Raleigh’s mayor is not only having city employees work from home on Wednesday – she is urging citizens to stay away from downtown on Inauguration Day. Mayor Mary-Ann Baldwin said all employees will be telecommuting on Wednesday and that move was made out of an abundance of caution. She’s also encouraging people to avoid downtown.
“I think it would be a good idea for people to stay away from downtown, especially the Capitol area, on Wednesday.”
Wake County offices located in downtown Raleigh will close in response to potential security issues tied to the inauguration. The offices will be closed Tuesday and Wednesday, Wake County officials confirm. Offices were already closed on Monday due to the Martin Luther King Jr. holiday.
County Manager David Ellis sent a note to county employees said the move was made out of an “abundance of caution.” "I’m closing all county offices near the State Capital (sic) in downtown Raleigh to the public and our non-public safety employees,” Ellis wrote.
Due to the heightened security risk next week, a spokesperson for the North Carolina Democratic Party said the first floor windows of their office building in Raleigh have been boarded up. NCDP said they are also contracting Raleigh police to provide additional security.
Earlier this week, Gov. Roy Cooper mobilized about 550 National Guard personnel on Wednesday. Approximately 350 will help in Raleigh while the rest will go to Washington to assist with the inaugural events.

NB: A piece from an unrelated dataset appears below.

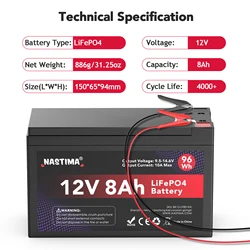 Nastima 12V 8Ah LiFePO4 Battery Lithium Iron Phosphate Rechargeable Battery With 10A BMS for Fish Finder Scooter Light Kids Car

An FBI bulletin earlier this week warned of armed protests in all 50 state capitols as well as Washington in the days ahead. Following the attack at the U.S. Capitol, Cooper said dozens of states are sending personnel to the nation’s capital. Wake County made a similar move in May as protests gripped the nation in the wake of George Floyd’s death.
David Schanzer, director of the Triangle Center on Terrorism and Homeland Security, said law enforcement will have a “big challenges” in the coming days.
“Law enforcement is certainly on notice after Jan. 6 of the potentiality for violence and I think are going to be out in force and very well-prepared,” he said. “Allowing the protests to go forward if they’re peaceful but being ready to respond with the manpower and the force that’s necessary to stop violence. Police have a tough job to try to draw that fine line.”
Schanzer studies right-wing extremism and said he was not shocked that violence occurred at the Capitol last week.
“As a society, we need to get a grip on how to combat ideas that are so much based in fantasy rather than reality. And, law enforcement and society, in general, will have to learn how to grapple with that,” he said. “With QAnon, you never know exactly what’s going to happen next and where the misinformation is going to come from and therefore where the violence might occur. So, I think those things present big challenges for law enforcement.”